Mr. Gregory went without solid food for weeks to draw attention to a wide range of causes, including police brutality, Middle East peace, American hostages in Iran, animal rights, the Equal Rights Amendment for women and to support pop singer Michael Jackson when he was charged with sexual molestation in 2004. He was an active participant in many protests, and was often beaten and jailed.

“We thought I was going to be a great athlete, and we were wrong. And I thought I was going to be a great entertainer, and that wasn’t it either. I’m going to be an American citizen. First class,” he once said.

When his college career was interrupted for two years in the 1950s when he was drafted into the Army, he was stationed for a while at Fort Lee in Petersburg. He most recently spoke in Richmond in June 2016 as part of the annual Juneteenth, A Freedom Celebration sponsored by the Elegba Folklore Society.

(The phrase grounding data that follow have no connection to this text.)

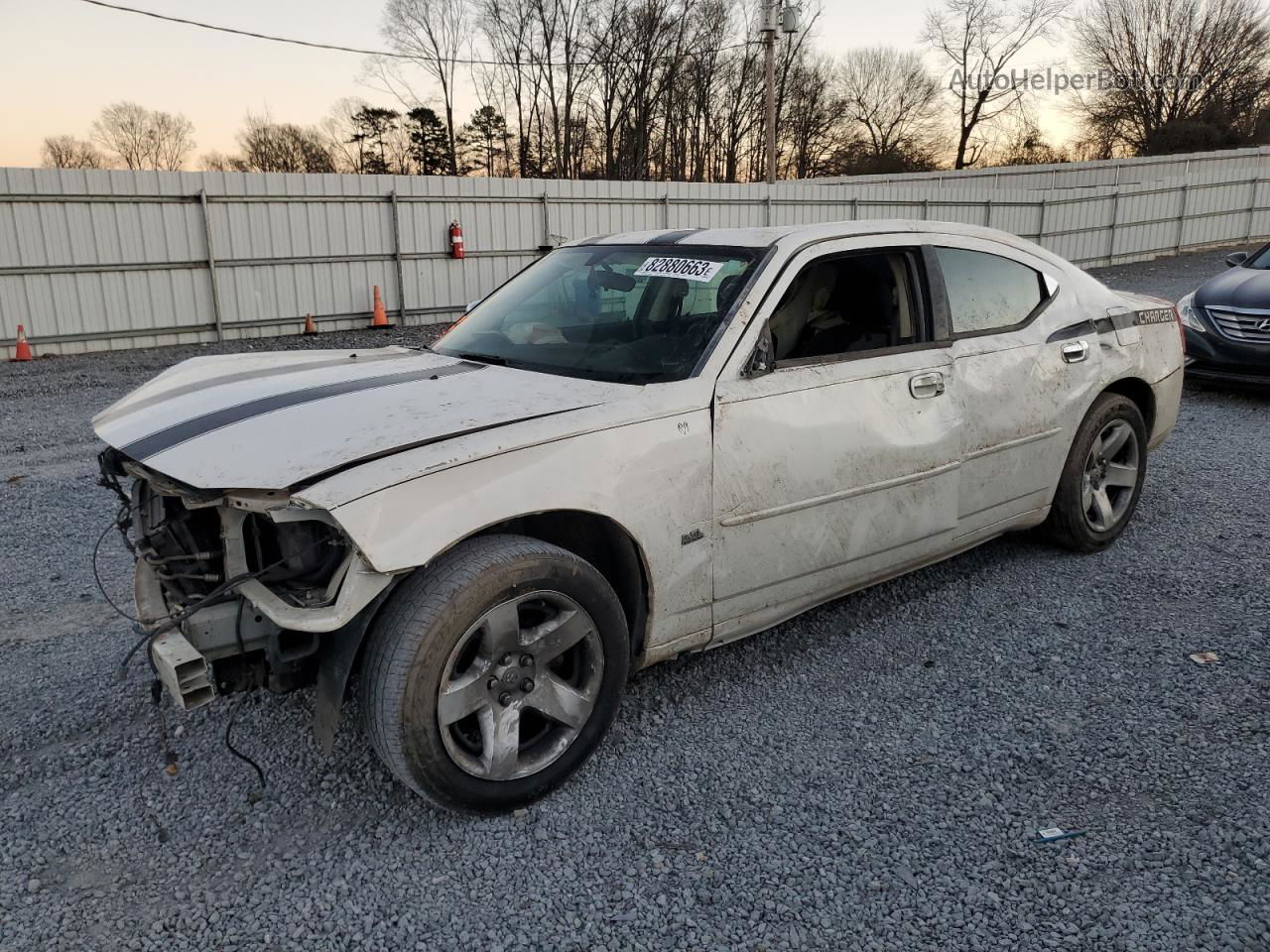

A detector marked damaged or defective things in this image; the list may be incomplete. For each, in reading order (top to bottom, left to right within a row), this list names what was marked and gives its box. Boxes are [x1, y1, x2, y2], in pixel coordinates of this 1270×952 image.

cracked hood [96, 343, 631, 488]
damaged white sedan [94, 221, 1183, 809]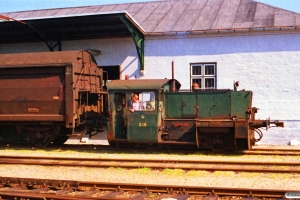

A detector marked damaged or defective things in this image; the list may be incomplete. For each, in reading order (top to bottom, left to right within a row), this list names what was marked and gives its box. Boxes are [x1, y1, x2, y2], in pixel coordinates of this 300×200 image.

rusty freight wagon [0, 50, 106, 146]
rusty freight wagon [106, 79, 284, 151]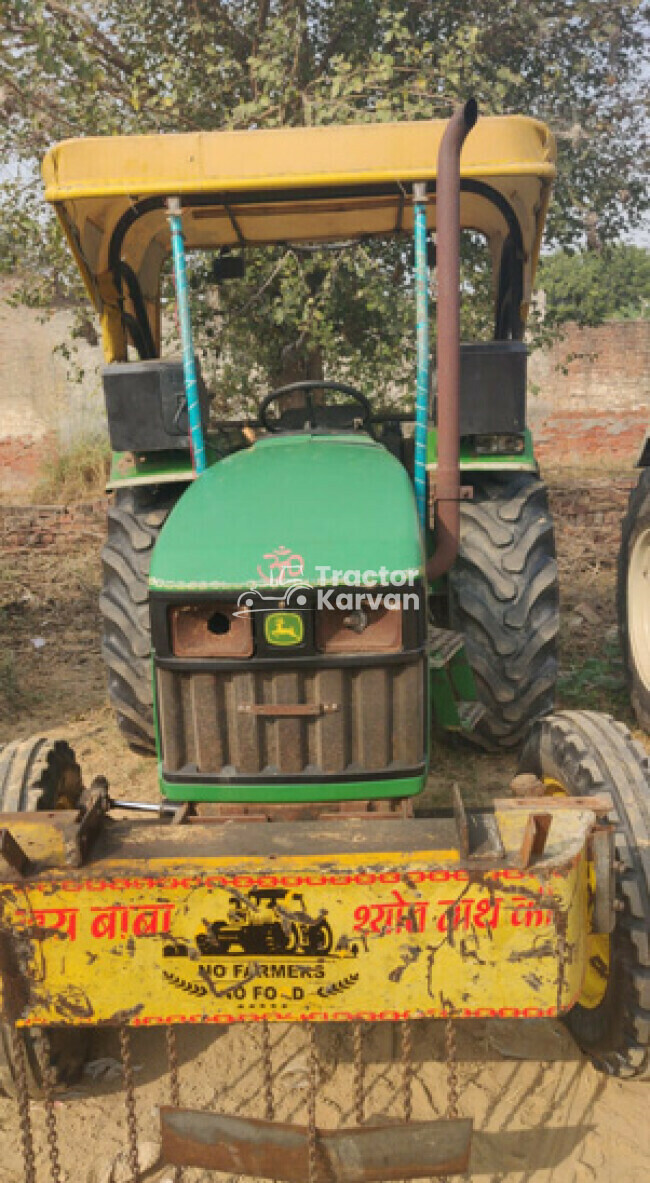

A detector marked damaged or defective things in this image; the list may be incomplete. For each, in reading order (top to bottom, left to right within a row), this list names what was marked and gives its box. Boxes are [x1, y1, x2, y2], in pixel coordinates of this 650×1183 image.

rusty exhaust pipe [426, 98, 475, 582]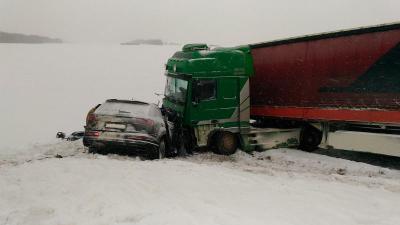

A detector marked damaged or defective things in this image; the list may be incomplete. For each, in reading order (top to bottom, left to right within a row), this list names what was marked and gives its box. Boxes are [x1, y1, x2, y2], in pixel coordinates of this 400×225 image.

damaged suv [83, 99, 167, 159]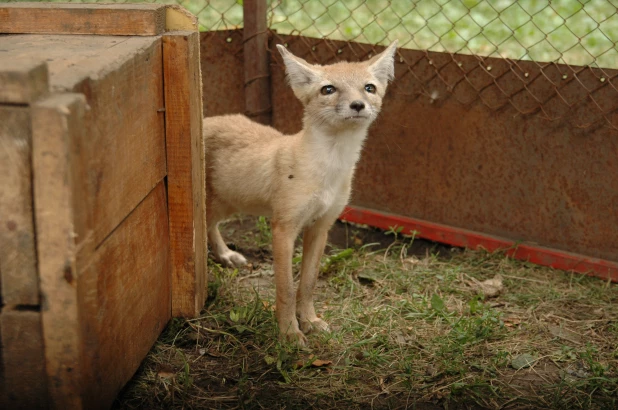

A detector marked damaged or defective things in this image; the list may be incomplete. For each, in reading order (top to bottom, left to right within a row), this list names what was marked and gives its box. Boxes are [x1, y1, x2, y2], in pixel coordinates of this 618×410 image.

rusty metal sheet [270, 34, 616, 262]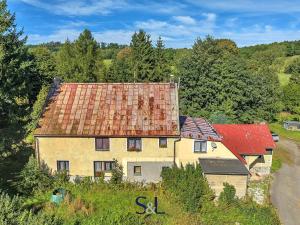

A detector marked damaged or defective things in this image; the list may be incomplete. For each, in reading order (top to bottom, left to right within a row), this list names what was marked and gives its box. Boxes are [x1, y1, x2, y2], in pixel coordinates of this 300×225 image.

rusty corrugated roof [35, 82, 180, 136]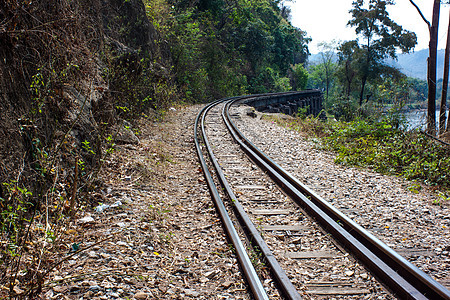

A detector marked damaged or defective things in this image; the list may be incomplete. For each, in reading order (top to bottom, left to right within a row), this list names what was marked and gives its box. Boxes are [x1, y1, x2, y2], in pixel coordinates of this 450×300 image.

rusty railroad track [193, 92, 450, 298]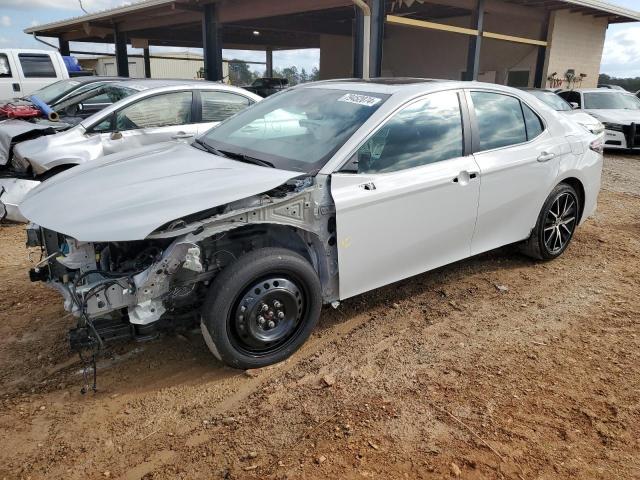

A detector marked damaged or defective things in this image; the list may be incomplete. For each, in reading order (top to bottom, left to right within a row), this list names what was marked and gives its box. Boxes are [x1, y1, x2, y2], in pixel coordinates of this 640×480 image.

damaged white car in background [1, 81, 260, 223]
damaged white car in background [18, 79, 600, 386]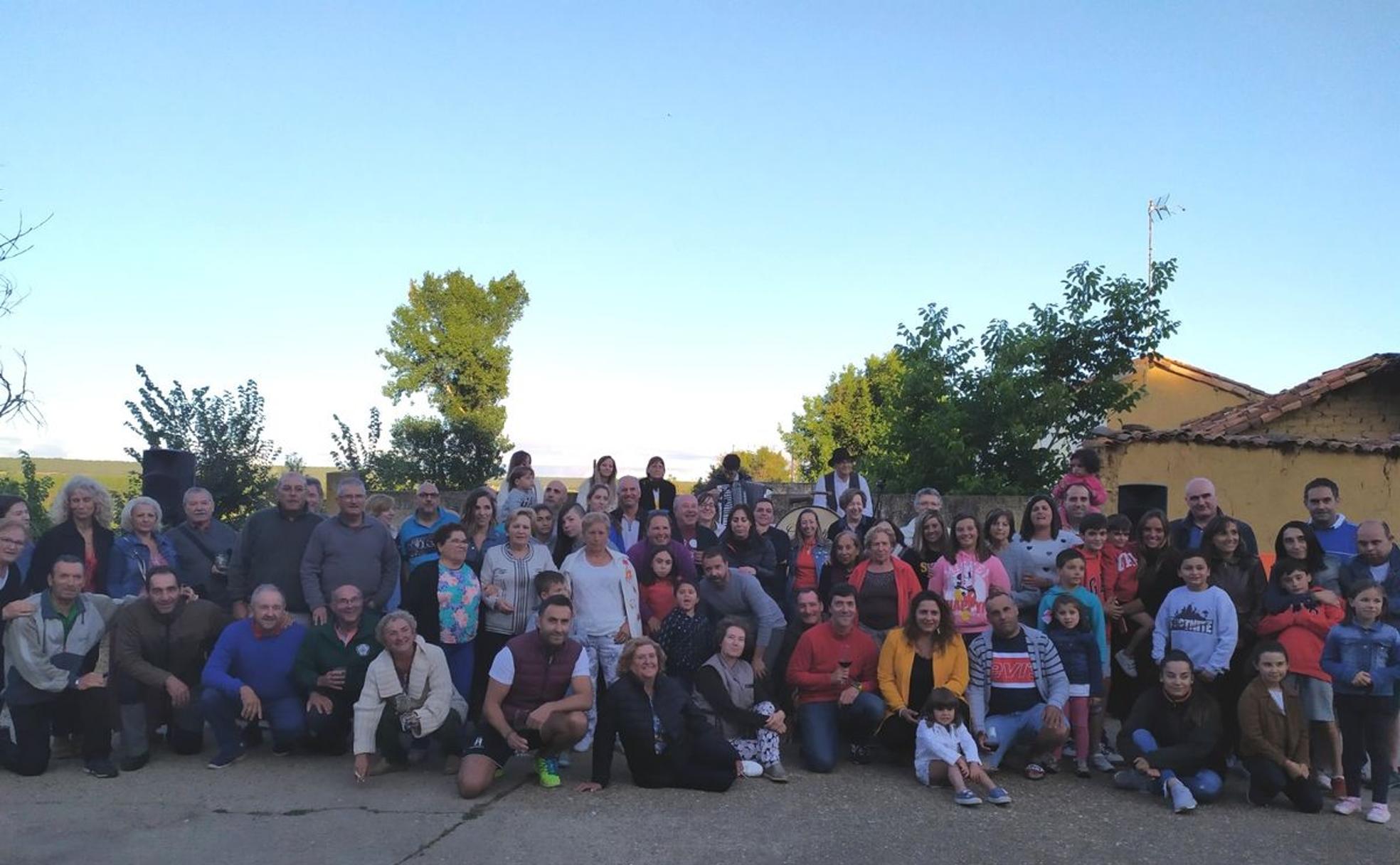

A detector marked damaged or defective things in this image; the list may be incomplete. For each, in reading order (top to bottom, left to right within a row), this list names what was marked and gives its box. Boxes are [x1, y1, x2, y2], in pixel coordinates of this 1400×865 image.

crack in pavement [392, 767, 526, 862]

He remained active on the comedy scene until recently, when he became ill and canceled an Aug. 9 show in San Jose, Calif., followed by an Aug. 15 appearance in Atlanta.

On social media, he wrote that he felt energized by the messages from his well-wishers, and said he was looking forward to getting back on stage because he had a lot to say about the racial tension brought on by the Aug. 12 gathering of hate groups in Charlottesville.

“We have so much work still to be done. The ugly reality on the news this weekend proves just that,” he wrote.

He is survived by his wife, Lillian, and 10 children.